L’alcool ne cesse d’être servi tour à tour par les hôtes, de façon toujours plus nerveuse et empressée, entraînant une dégradation des personnages très bien maîtrisée par les comédien.ne.s, qui engagent énormément leur corps dans le jeu. Les confidences émergent et amènent à des prises de conscience lorsque le quatuor se divise en duos dans la maison. Georges essaie de sauver Nick des mécanismes de vie qui l’ont tant usé et déçu. Le jeune couple a une page blanche devant lui et pourtant, c’est comme s’il était d’avance prisonnier des mêmes schémas. Un sentiment de voyeurisme est présent dès le début depuis les gradins, par notre position d’observateurs de l’ombre de l’espace domestique d’autrui, à la manière de « Fenêtre sur cour » (Rear Window, Hitchcock, 1954).
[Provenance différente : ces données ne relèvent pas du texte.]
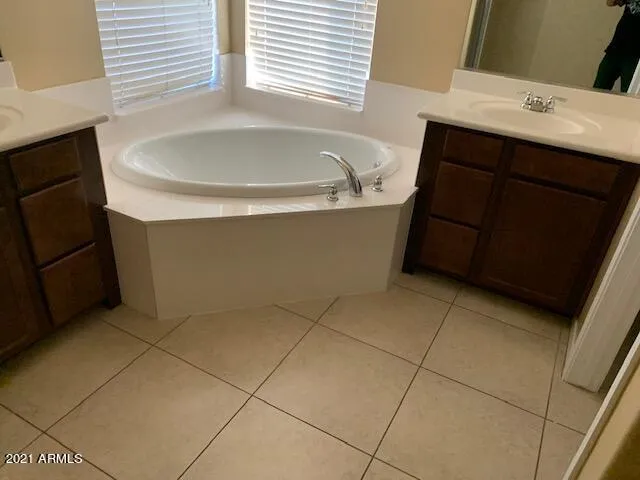 a bathroom with a bathtub and a sink
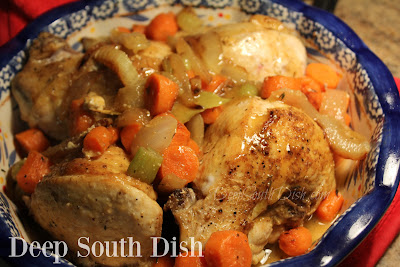 Bone-in, skin-on chicken breasts, simply seasoned with salt, pepper and garlic powder, oven braised in a light sauce of chicken broth and wine, with vegetables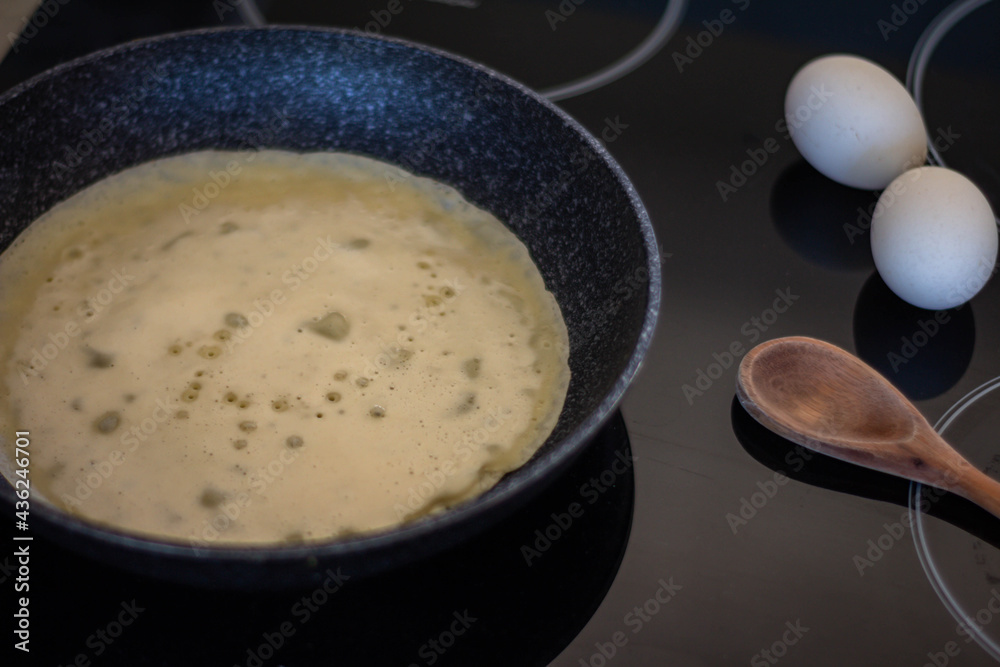 Homemade pancakes made from flour and egg. Kitchen at home with induction appliance. Modern cuisine Homemade pancakes made from flour and egg. Kitchen at home with induction appliance. Modern cuisine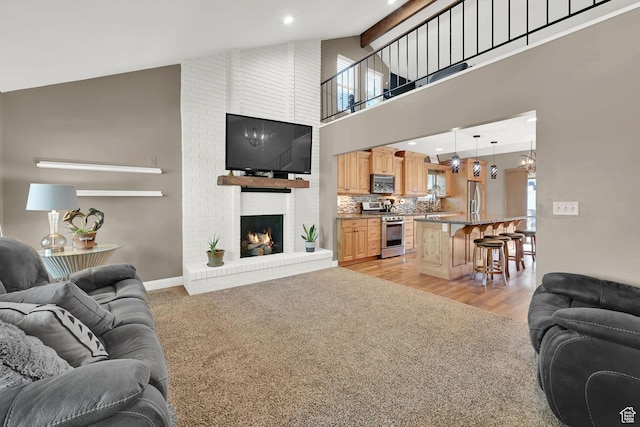 2974 N 1375 E, North Ogden, UT 84414 - living area with a fireplace, baseboards, high vaulted ceiling, recessed lighting, and light wood-style flooring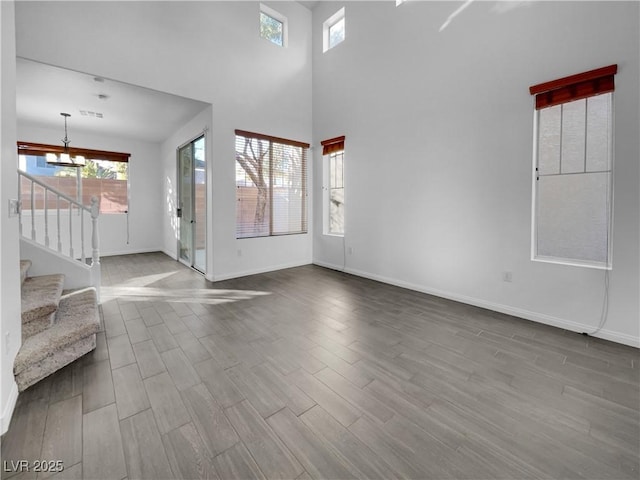 unfurnished living room featuring an inviting chandelier and a towering ceiling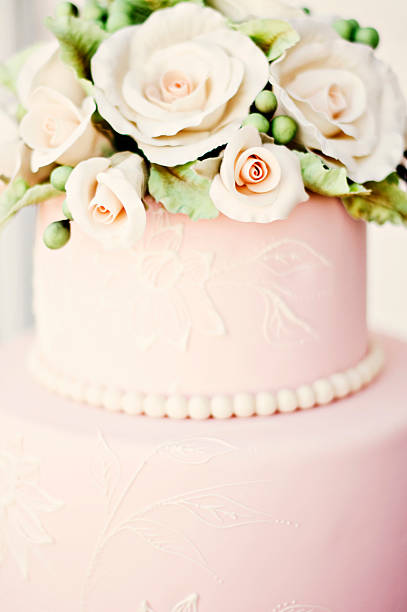 Pink Wedding Cake with Roses Beautiful pink fondant cake with beaded frosting and topped with roses. wedding cake close up macro stock pictures, royalty-free photos & images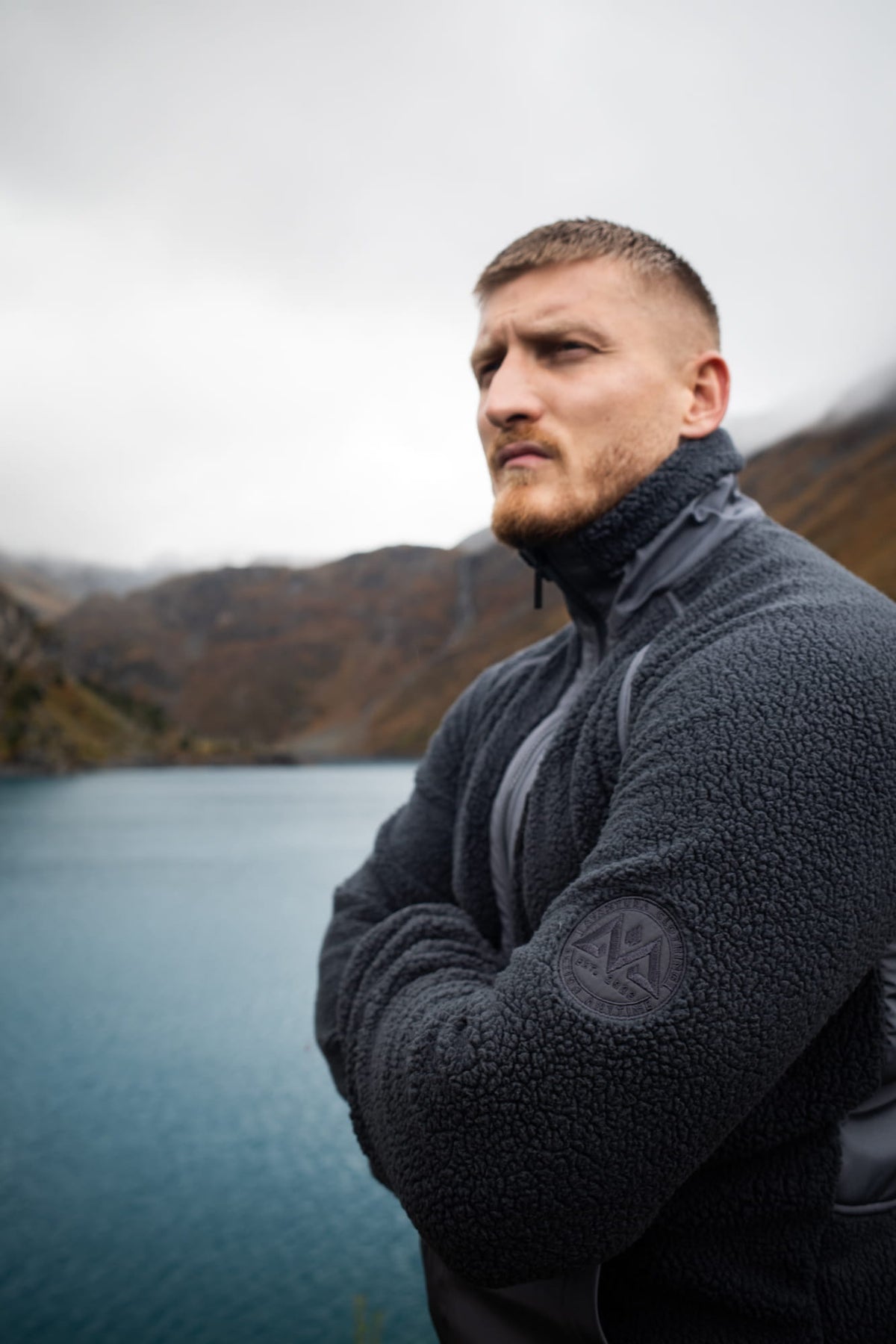 Graue Fleecejacke mit kreisförmigem Logopatch vor Bergpanorama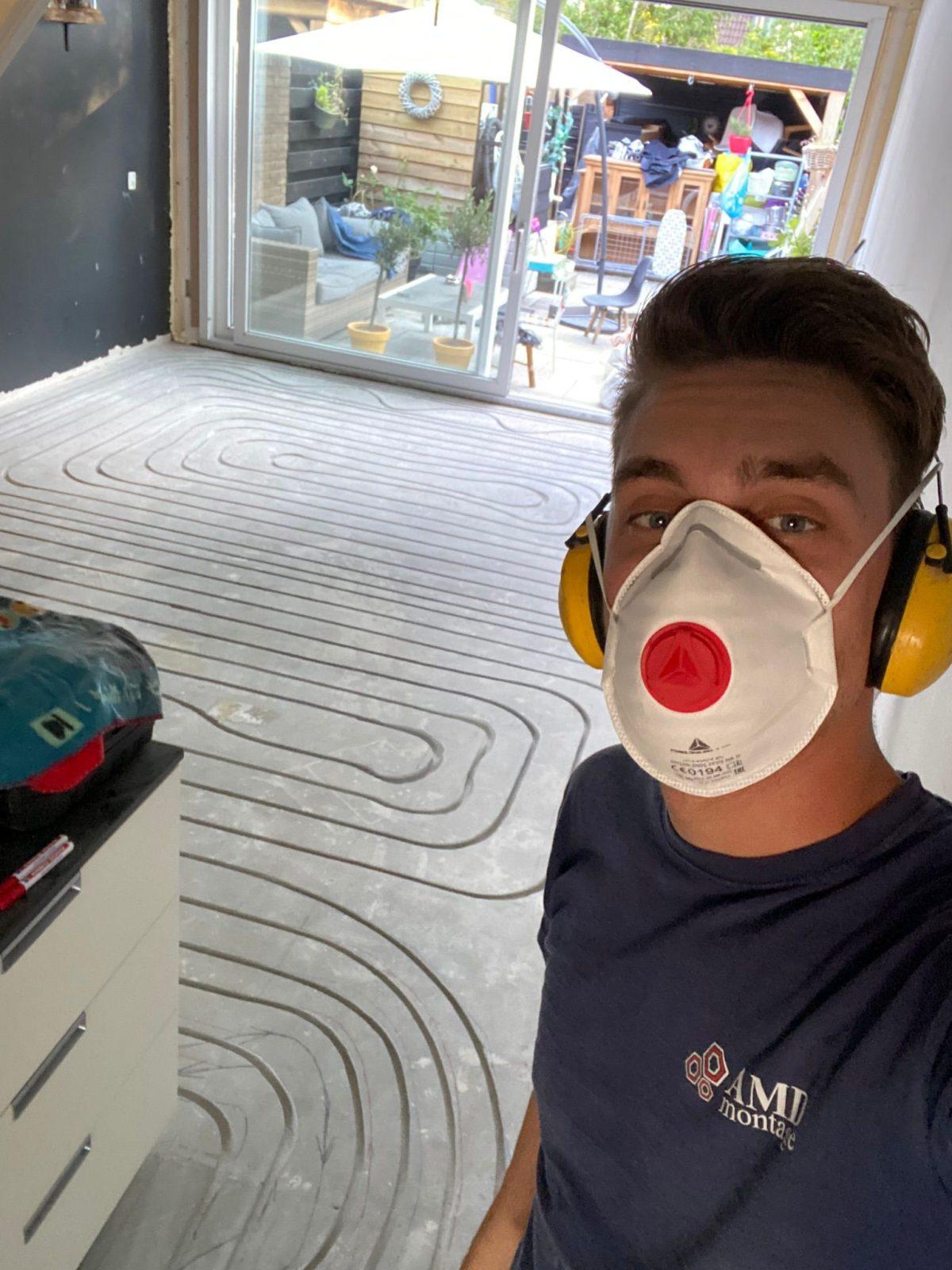 Anthony Loorbach met stofmasker en gehoorbescherming bij een ingefreesde vloer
Cette dimension s’intensifie à mesure que s’accroît le décalage entre la sobriété du public et l’ébriété des protagonistes, nous laissant en témoins lucides de leurs plus profondes fragilités et de leurs arrière-pensées inavouées.  La scénographie est efficace dans le sens où elle propose une conception des espaces intérieurs et extérieurs parfaitement cohérente sur un registre réaliste.   Ce réalisme est renforcé par la justesse du jeu des comédiens et comédiennes, qui parviennent à donner une grande crédibilité à leur propos. Les ambiances sont visuellement renforcées par un travail de colorimétrie qui les rend presque cinématographiques, grâce aux lumières leds qui sont intégrées au décor. Les effets sonores également renforcent ingénieusement le climat de tension des scènes. Si l’action est réactualisée dans un contexte contemporain, le choix d’une époque ne semble pas avoir une importance déterminante sur le déroulement du huis clos. Ici, c’est plutôt la force de l’isolement du lieu et la désinhibition éthylique qui détermine le cadre nécessaire à l’intrigue.

Ainsi, c’est après une accélération constante et frénétique du rythme, lorsque tous les abcès sont crevés – entre révélations et prises de conscience -, que le silence mêlé à l’accablement s’abat. Une fin à la hauteur de l’intensité éprouvée, qui nous laisse peut-être sans gueule de bois, mais certainement pas impassibles.